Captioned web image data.
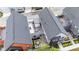 Aerial view showcases a modern home with a private outdoor living space featuring a deck and patio at 1834 Rosette Way, Indianapolis, IN 46202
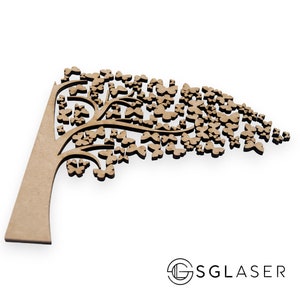 May include: A wooden cutout of a tree with a brown trunk and branches, decorated with numerous butterfly shapes. The tree is leaning to the right, creating a dynamic and whimsical design.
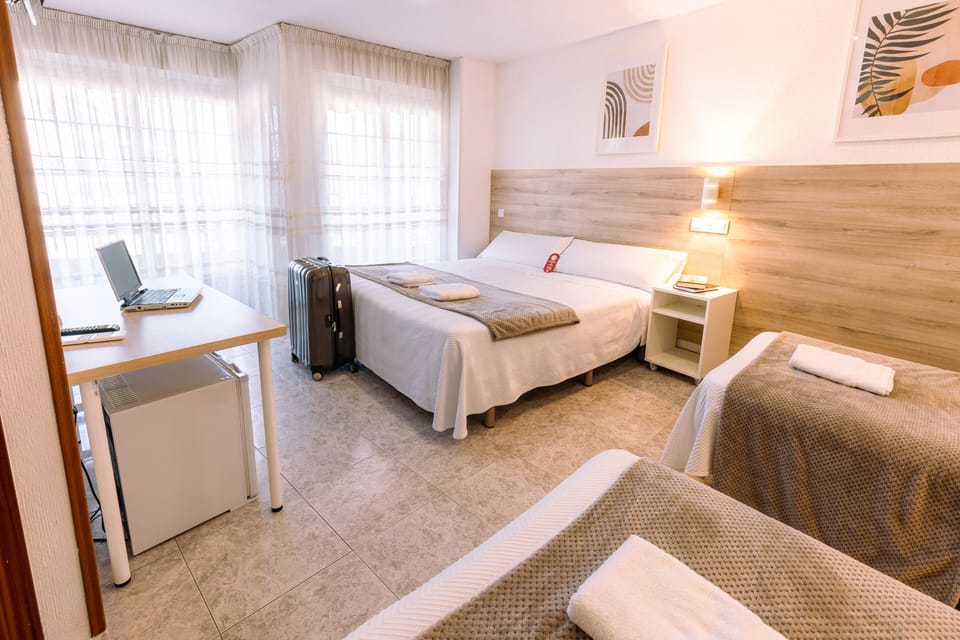 Family Quadruple Room | In-room safe, blackout drapes, free WiFi, bed sheets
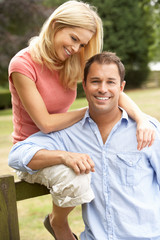 Obraz premium Couple Relaxing In Countryside Sitting On Fence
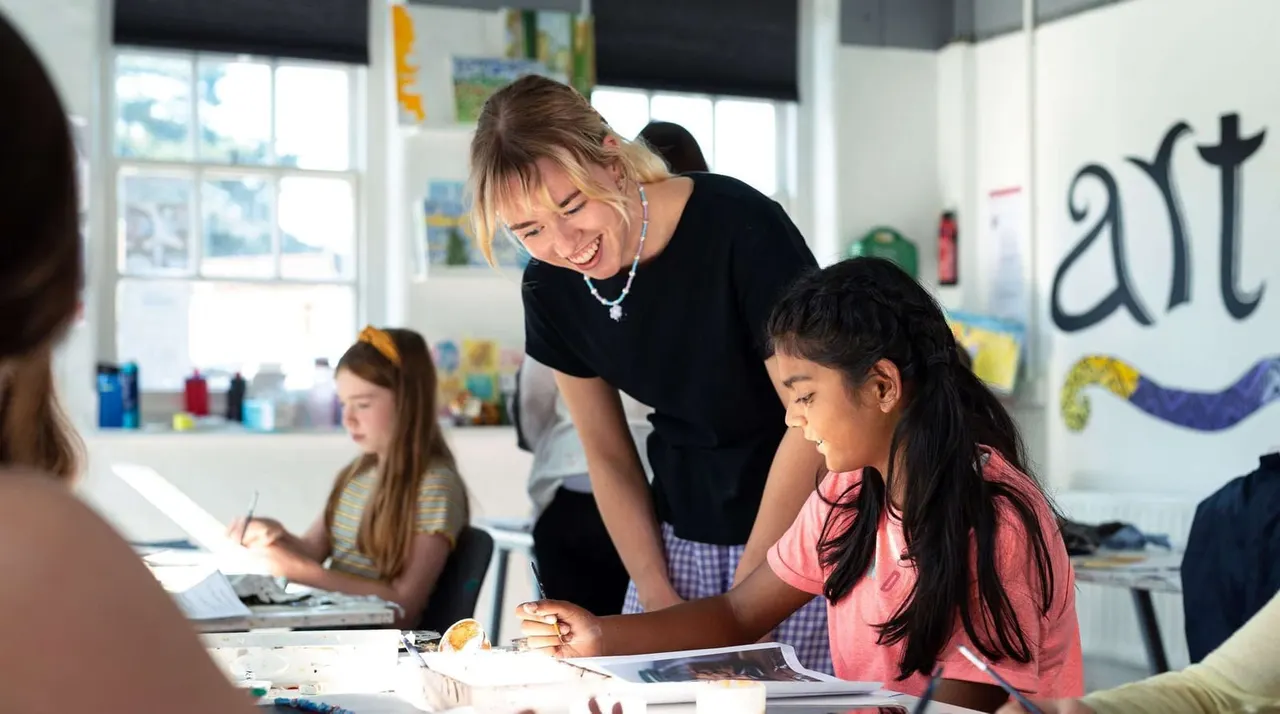 An instructor helps children with a painting or art activity at a bright, white-walled studio space with windows and artwork on the walls.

Goal of the exercise.
Without the pictures, write out every line above exactly as it appears.

Worked solution.
 Aerial view showcases a modern home with a private outdoor living space featuring a deck and patio at 1834 Rosette Way, Indianapolis, IN 46202
 May include: A wooden cutout of a tree with a brown trunk and branches, decorated with numerous butterfly shapes. The tree is leaning to the right, creating a dynamic and whimsical design.
 Family Quadruple Room | In-room safe, blackout drapes, free WiFi, bed sheets
 Obraz premium Couple Relaxing In Countryside Sitting On Fence
 An instructor helps children with a painting or art activity at a bright, white-walled studio space with windows and artwork on the walls.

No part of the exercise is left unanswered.